The brochures warned me that something like this might happen.

These people, they’re…different than I am. Their music is foreign to my ears. They use phrases that I’m not entirely familiar with. I can’t make sense of their senses of style and I struggle to understand their jokes. Lost in translation does not describe.

I’ve expressed this to death to anyone willing to listen from back home and to the few Florentines I’ve met around town.

“I know.” My friend Stefano states flatly in exasperated English. “That’s why we’re going out tonight. Now no more Italian please, you need to practice more.”

You see it’s not the Italians I’m having difficulty with. They’re fine. They like olive oil, I like olive oil—it’s all very simpatico. It’s my American roommates that I’m finding myself at odds with.

Many moons ago, I began to work a bit of academic black magic, that eventually led to me to a joint program between GWU and Kent State University in Florence, Italy. I wrote a few essays, submitted a few applications, and within a month’s time—I was a dual-enrolled student—equal parts Colonial and Flash.

The idea of studying in a completely foreign country, learning a new language, and living with fellow Americans from a different part of the country excited me deeply. What would living with Ohioans be like? Would they be political junkies like me? Did state school people really go that much harder than us private school folk? The possibilities were endless.

GWU’s an internationally oriented school by nature. We all have friends or roommates from Columbia or Nigeria or Germany. It’s the norm. Coming to Italy didn’t feel all that out of the ordinary to me—everyone just spoke a hell of a lot more Italian. My roommates, though, were struck upon arrival.

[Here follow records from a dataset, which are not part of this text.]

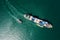 Container ship and tugboat dragging in green sea aerial top view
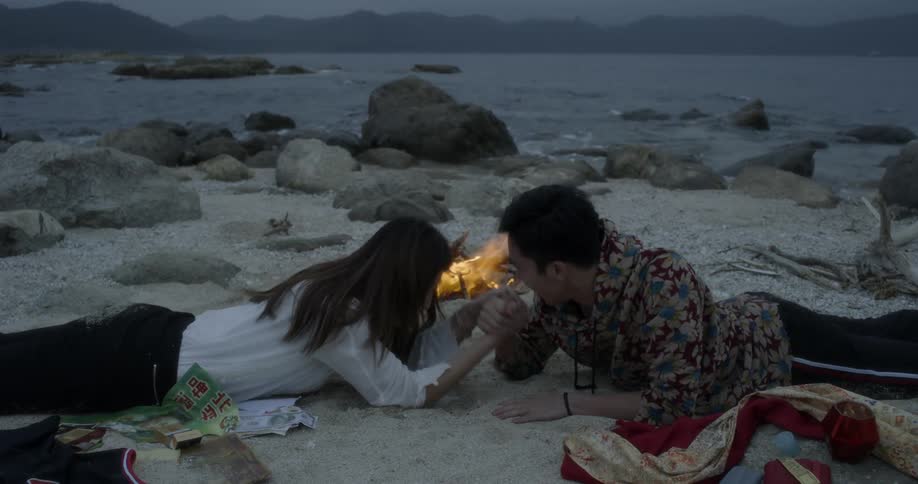Man and woman arm wrestle in front of a small fire on the beach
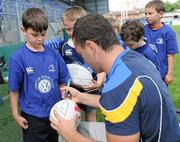 17 August 2011; George Reilly, age 7, from Dublin, has his rugby ball signed by Leinster's David Kearney during a Volkswagen Leinster Rugby Summer Camp Donnybrook pro visit. Donnybrook Stadium, Donnybrook, Dublin. Picture credit: Barry Cregg / SPORTSFILE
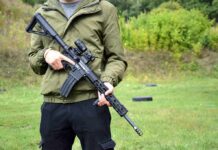 Talarico Invokes God In AR-15 Debate person holding a black rifle outdoors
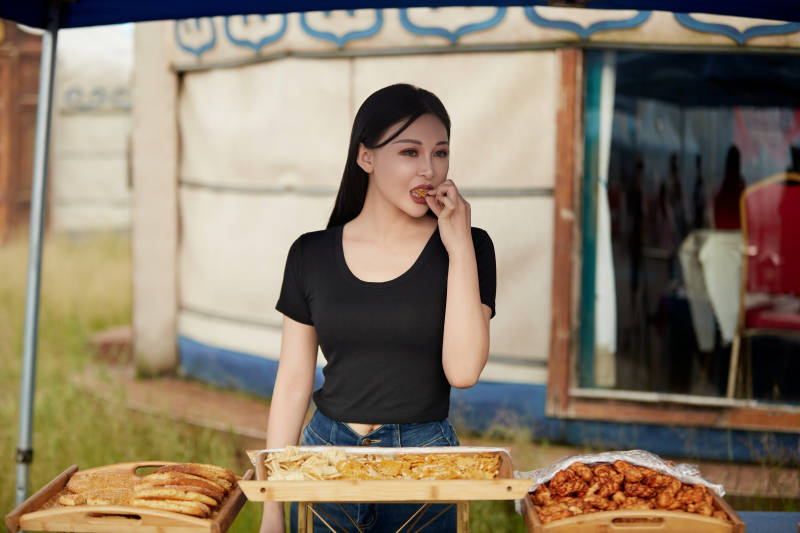 在户外烤全羊自助餐会品尝美食的美女图片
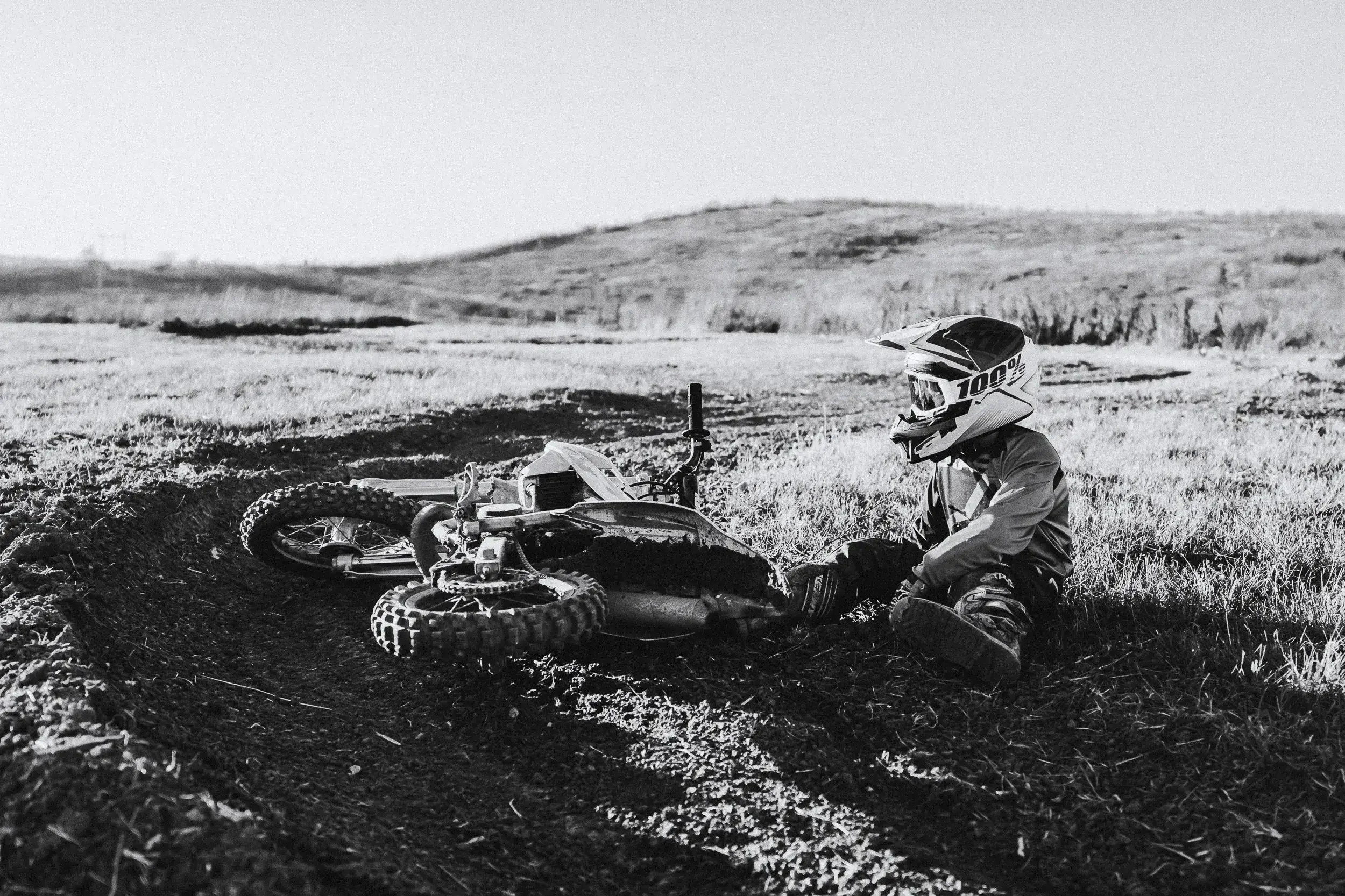 A person sitting on the ground wearing a helmet and motocross gear next to a fallen dirt bike on a dirt trail in an open field.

The first week or so, conversations inevitably began with an exclamation of “Dude, I can’t believe we’re in Italy!” Or “This is amazing, we live here now. This is my first time living in another country.”

I nodded along and smiled, feeling like a bit of a tool for not being as enthralled at the prospect of living in Italy for a few months. These guys were younger than I am—Sophomores from the middle of America, this was a new experience and I should try to make the effort to enjoy it with them.

The first weeks were fine, when we were all new to the city and the, getting easily lost around city’s winding streets. We’d explore, and take cheesy touristy pictures, and marvel at the never ending kebab shops on every block. It was easy then, when school was a brief shadow on the horizon—hardly something to worry about.

Inevitably, though, school became a thing for me. It didn’t, however for my roommates and many of my fellow students. At first I didn’t understand the need to throw parties every weekend, or the compulsive traveling that seemed to take up everyone’s weekends.

“Where are there so many boxes of wine in our fridge?” I’d wonder to myself. And then it struck me.

Studying abroad as a senior, I’d come to Italy with a different perspective. More than anything else, I wanted a chance to scope out potential job opportunities in Europe. I wanted something to make my resume shine a little in the oncoming months. I wanted to see…the David. My peers were coming at the experience differently though. For most of them, this was the first time they could drink legally—and in public no less. They didn’t have the same jaded outlook on bar-crawls that I’d developed after one too many outings to McFadden’s.

While I was busy applying for internships left and right in preparation to return to D.C., they were still in the thick of being in college. I’ve since come to recognize that we’re in vastly different places in our respective lives. Yeah, there are times that I find myself wondering if I were ever so…willfully fancy free as they are. That said, my roommates just as often remind me to slow down, enjoy the flow, and remember to appreciate this experience for what it is.